## TASK DETAILS
Keep the pictures out. Copy every line of the listing exactly.

## AVAILABLE DATA

◆ ◆ ◆

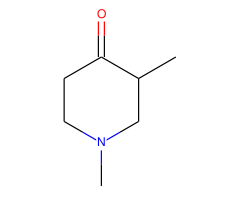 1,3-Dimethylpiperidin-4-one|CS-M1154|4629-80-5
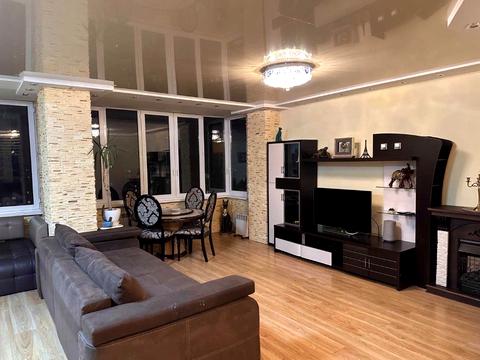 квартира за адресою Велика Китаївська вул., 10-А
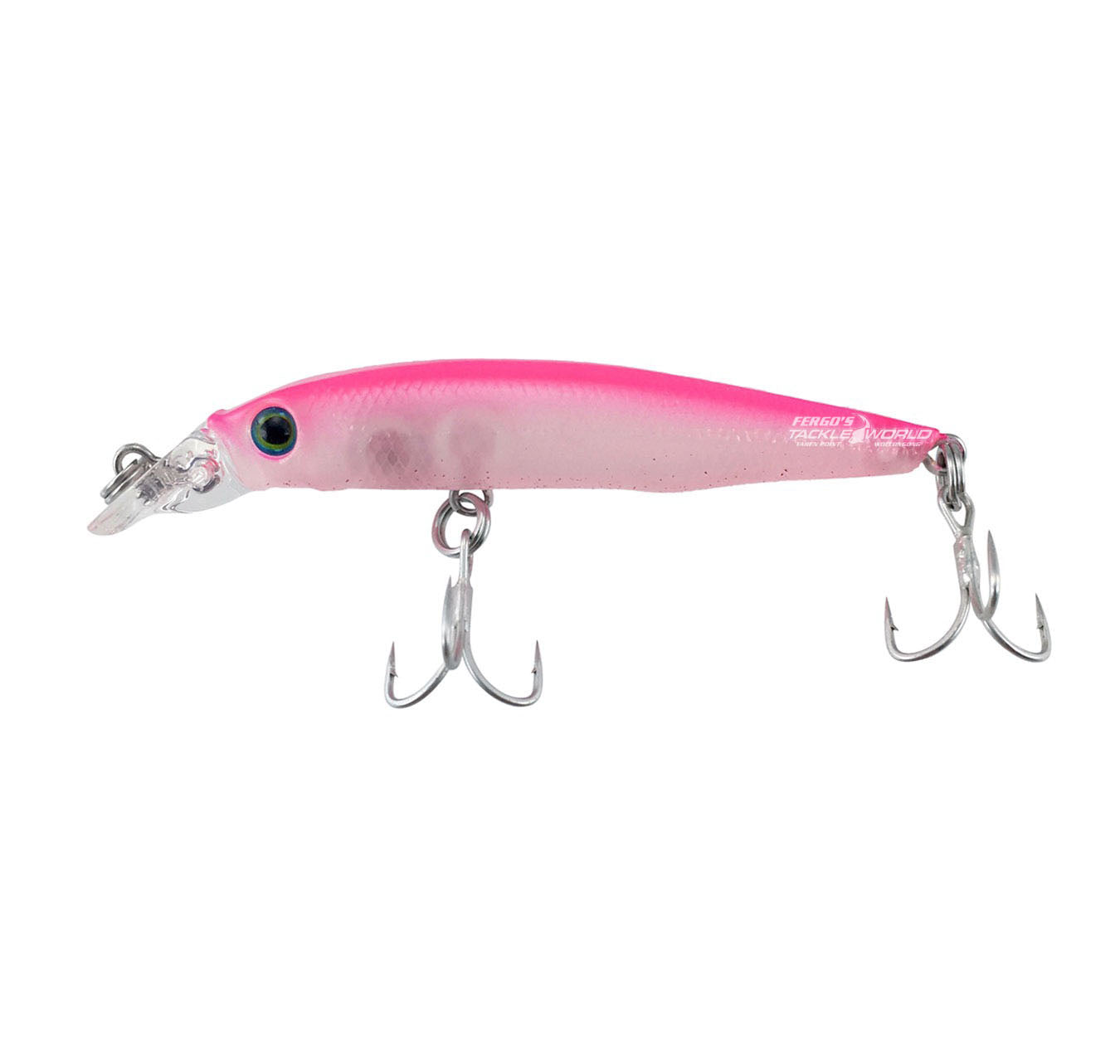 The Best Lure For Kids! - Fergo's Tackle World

◆ ◆ ◆

## YOUR RESPONSE
 1,3-Dimethylpiperidin-4-one|CS-M1154|4629-80-5
 квартира за адресою Велика Китаївська вул., 10-А
 The Best Lure For Kids! - Fergo's Tackle World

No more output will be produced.